As Santorum gains more attention, he raises the rhetorical temperature.
As Santorum gains more attention, he raises the rhetorical temperature.
Associated Press

Like all Republican presidential candidates, Rick Santorum tends to be unrelenting in his daily criticisms of President Obama. But over the weekend, the former senator broke some new and unsettling ground.

At another stop in Ohio on Saturday, Mr. Santorum waded into what he called the “phony theology” of Mr. Obama’s agenda.

“It’s about some phony ideal, some phony theology. Oh, not a theology based on the Bible, a different theology,” he said. “But no less a theology.”

In later comments to reporters, Mr. Santorum said while there are “a lot of different stripes” of Christianity, he believes that “if the president says he’s a Christian, he’s a Christian.”

Given the larger context – the right has questioned the sincerity of Obama’s faith for many years – Santorum assertion about a “phony theology” certainly appears to be part of a larger smear, though the former senator has denied that was his intention.

But in many respects, Santorum’s new attack is even more troubling than its face-value ugliness. Since when is it the job of presidential candidates to question others’ theology? The Santorum camp later said he was simply referring to the president’s worldview, but notice that the Republican candidate used the word “theology” four times in three sentences.
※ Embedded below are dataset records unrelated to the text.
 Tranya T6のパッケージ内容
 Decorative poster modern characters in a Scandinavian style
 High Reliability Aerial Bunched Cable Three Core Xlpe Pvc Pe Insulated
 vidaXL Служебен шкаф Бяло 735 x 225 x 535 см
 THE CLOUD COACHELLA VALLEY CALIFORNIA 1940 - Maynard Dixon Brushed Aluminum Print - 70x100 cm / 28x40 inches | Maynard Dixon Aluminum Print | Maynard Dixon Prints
Santorum was, in other words, trying to make a specific point.

And that point, apparently, was the notion that Obama is motivated by a religion that is “not … based on the Bible.” Santorum wants to be a president – and he also wants to be a canonical judge of all things scriptural, which isn’t exactly in the Article II job description.

We can take this even further. As the GOP candidate sees it, Obama is driven by “some phony theology,” whereas President Santorum would presumably be guided by a real theology (one “based on the Bible”). Perhaps now would be a good time to remind Santorum that the separation of church and state is a principle fundamental to the American system of government. Our leaders take an oath to uphold the Constitution, not one man’s interpretation of a holy book.

This is not, in other words, a theocracy. Criticizing a rival for refusing to base his or her governing vision on the appropriate “theology” is wholly at odds not only with First Amendment principles, but with the American tradition itself.

For its part, the Obama camp saw Santorum’s latest rhetoric as “well over the line.” Under the circumstances, it’s hard to disagree.